Healing Tracy Morgan vows comeback, worries won't be funny

Tracy Morgan appears on NBC News' "Today" show in New York in this June 1, 2015 handout photo. Morgan, fighting back tears in his first interview since he was injured in a crash with a Wal-Mart truck that killed his friend a year ago, vowed to return to comedy on Monday but said he still needed time to heal. REUTERS/Peter Kramer/NBC/Handout

NEW YORK (Reuters) - An emotional Tracy Morgan, fighting back tears in his first interviews since he was injured in a crash with a Wal-Mart truck that killed his friend a year ago, vowed to return to comedy on Monday but said he wonders whether he can be funny again.
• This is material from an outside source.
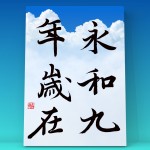 漢検全員合格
The comedian, who starred in the television show “30 Rock” and the late night comedy sketch “Saturday Night Live,” held a cane and was accompanied by his lawyer as he was interviewed on NBC’s “Today” program.

“I love comedy and I can’t wait to get back to it. But right now my goal is just to heal and get better because I‘m not 100 percent yet,” Morgan said. “And when I‘m there, you’ll know it. I’ll get back to making you laugh, I promise you.”

In an additional interview aired later on “NBC Nightly News,” he said he has good days and bad days and is fearful about the future.

”I wonder how I‘m gonna be funny again,“ Morgan said. ”Remembering my identity, what do I do?

“Sometimes I don’t feel well, sometimes emotionally I don’t feel well.”

Shortly after the morning interview, in his first Twitter post since the accident, Morgan said to his more than 3 million followers: “It’s been a year. Just wanted to say thank you for all your love and support. Will see you soon.”

Morgan, 46, and others who were injured in the June 7 crash on the New Jersey Turnpike, which killed comedian James “Jimmy Mack” McNair, reached an out-of-court settlement with Wal-Mart, the world’s largest retailer last week.

The company said it was deeply sorry about the accident but settlement terms were not disclosed.

Morgan suffered a serious head injury and broken bones and was left in a coma. He spent months recuperating and still suffers headaches and nosebleeds but said the loss of his friend was the hardest burden to bear.

“Bones heal but the loss of my friend will never heal because we knew each other a long time,” Morgan said, his eyes filling with tears. “But I am happy that Wal-Mart stepped up to the plate in a tremendous way and they took full responsibility.”

McNair’s children, Danita and Jamel, settled their lawsuit against Wal-Mart in January for $10 million.

Benedict Morelli, Morgan’s lawyer, said Wal-Mart Chief Executive Doug McMillon planned to meet with the comedian this week to deliver a personal apology.